[Scraped caption text data]
####
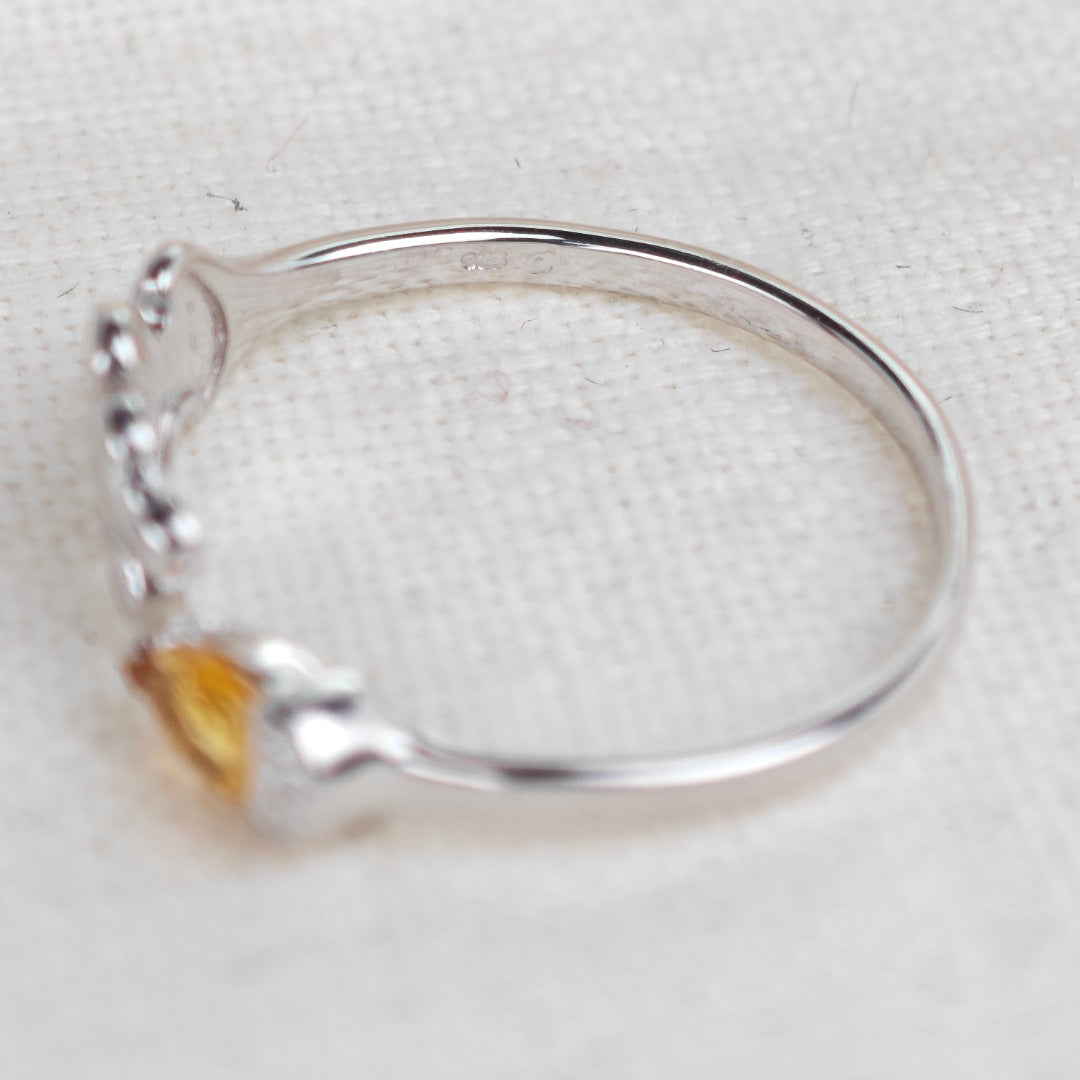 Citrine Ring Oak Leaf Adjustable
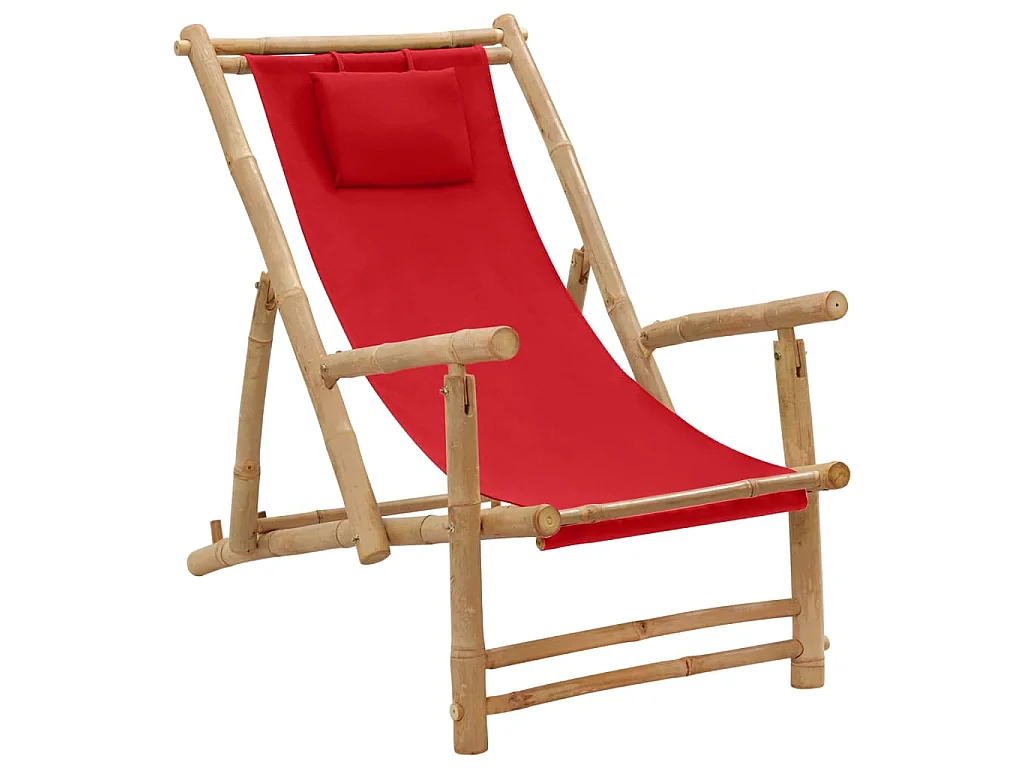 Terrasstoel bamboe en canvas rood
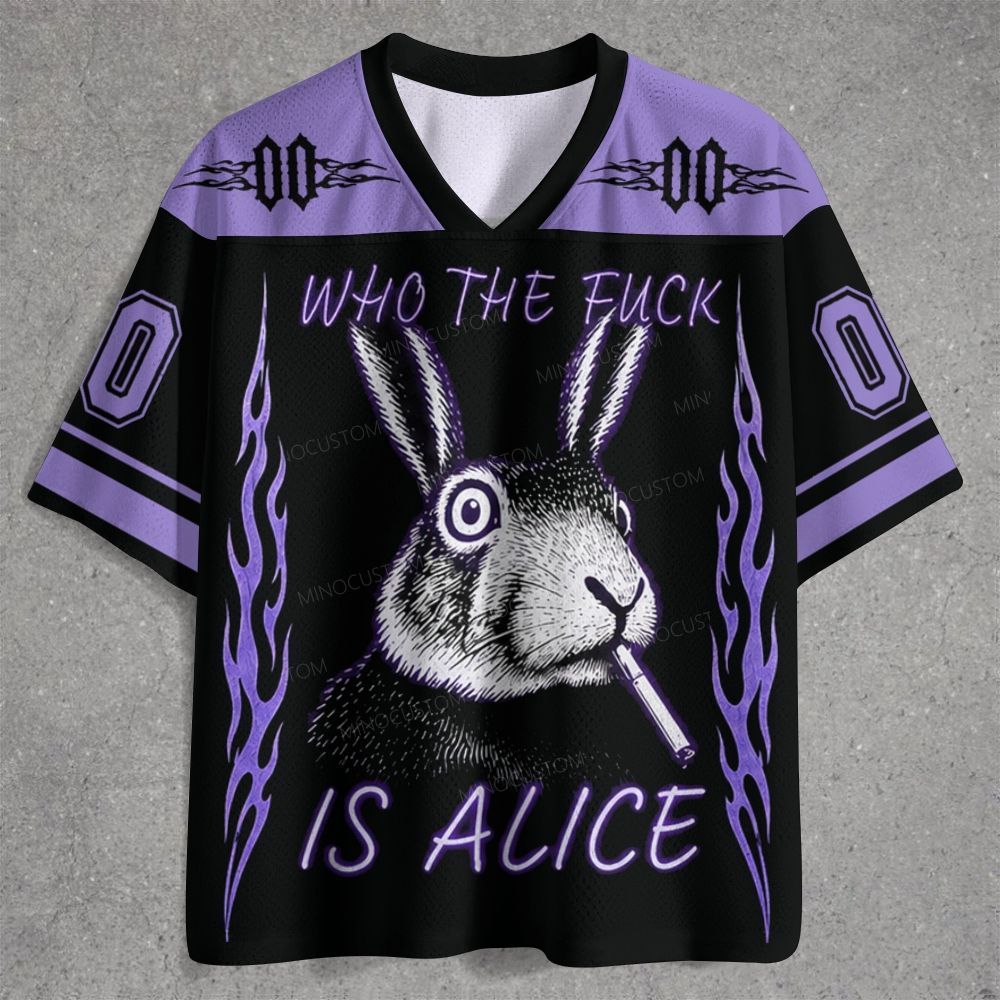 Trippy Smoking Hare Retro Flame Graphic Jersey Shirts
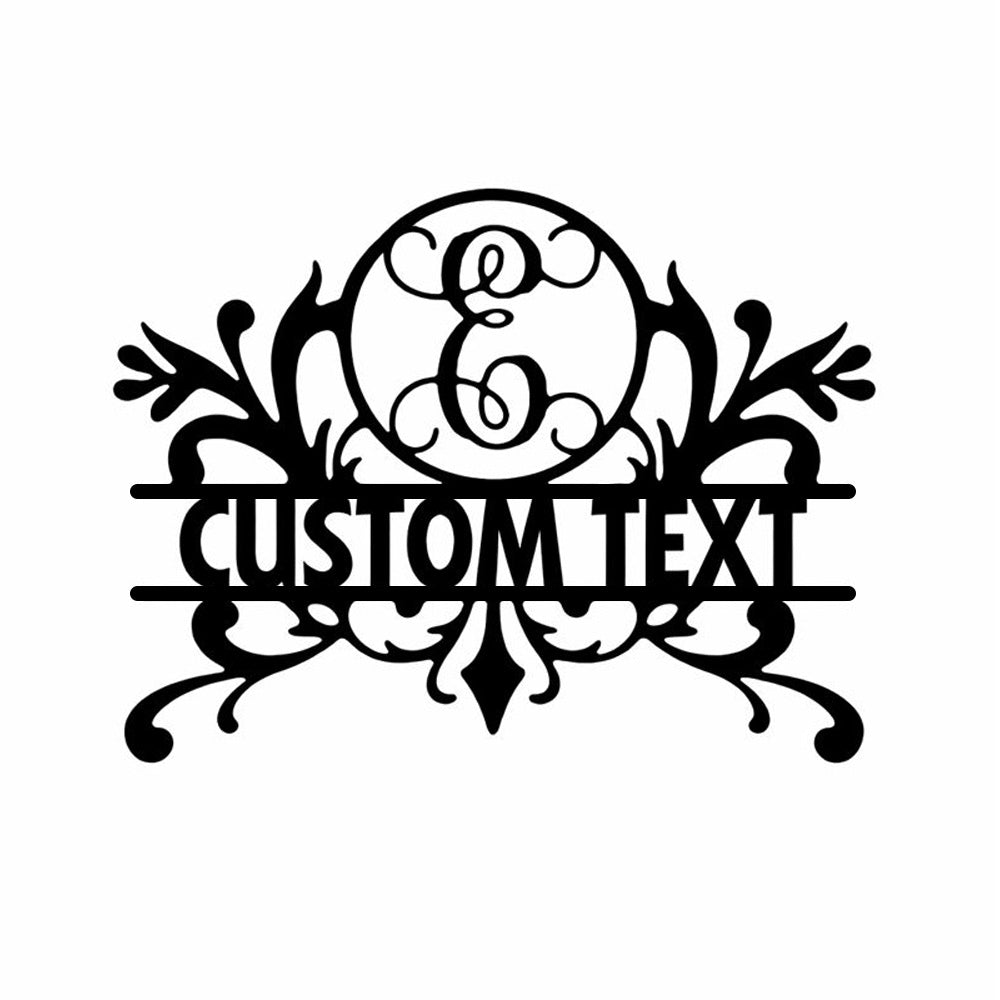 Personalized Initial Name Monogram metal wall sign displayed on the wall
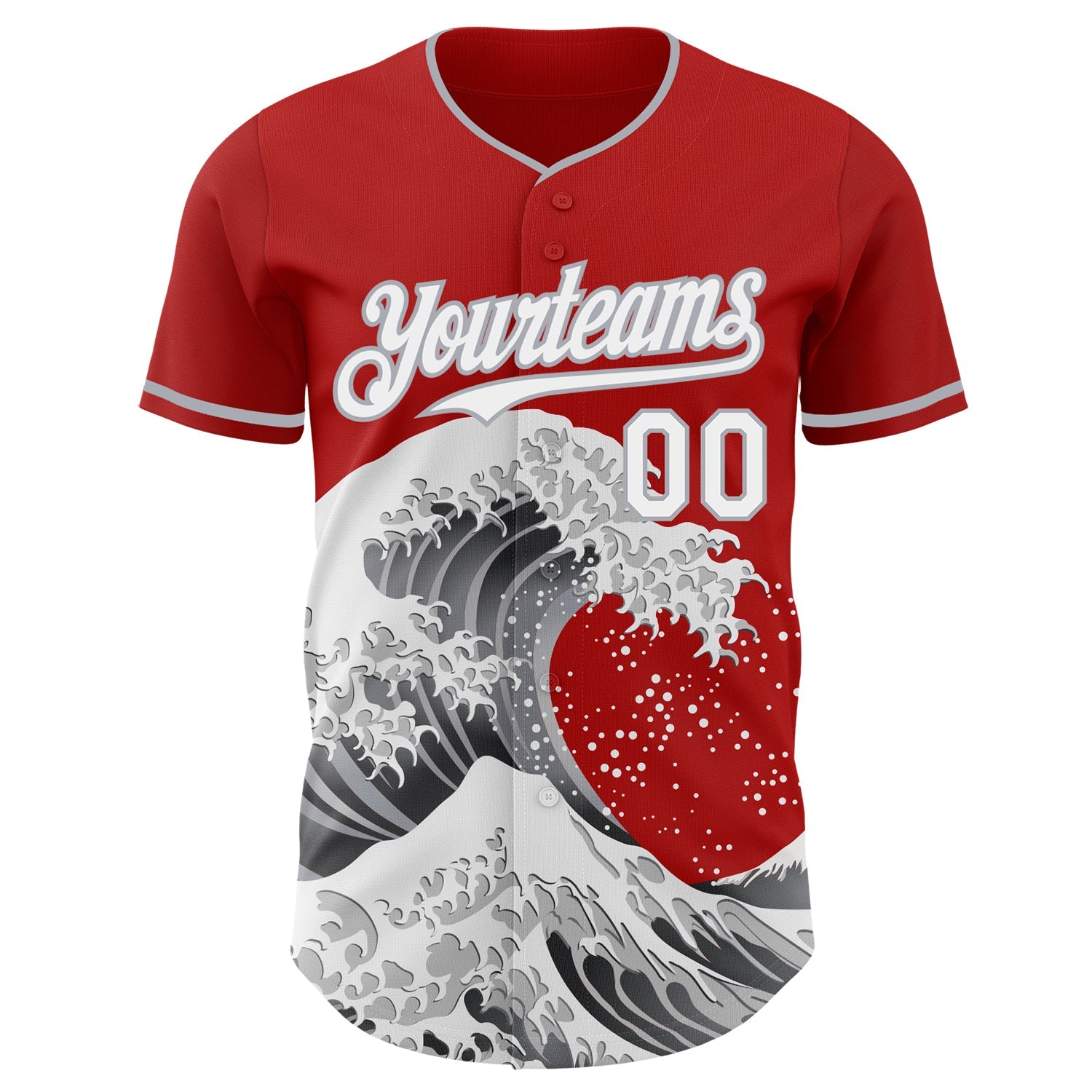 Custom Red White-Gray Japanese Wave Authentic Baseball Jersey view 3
####
**WORK TASK**. Every entry is to be reproduced word for word, and no image is carried over.

**YOUR SOLUTION**.
 Citrine Ring Oak Leaf Adjustable
 Terrasstoel bamboe en canvas rood
 Trippy Smoking Hare Retro Flame Graphic Jersey Shirts
 Personalized Initial Name Monogram metal wall sign displayed on the wall
 Custom Red White-Gray Japanese Wave Authentic Baseball Jersey view 3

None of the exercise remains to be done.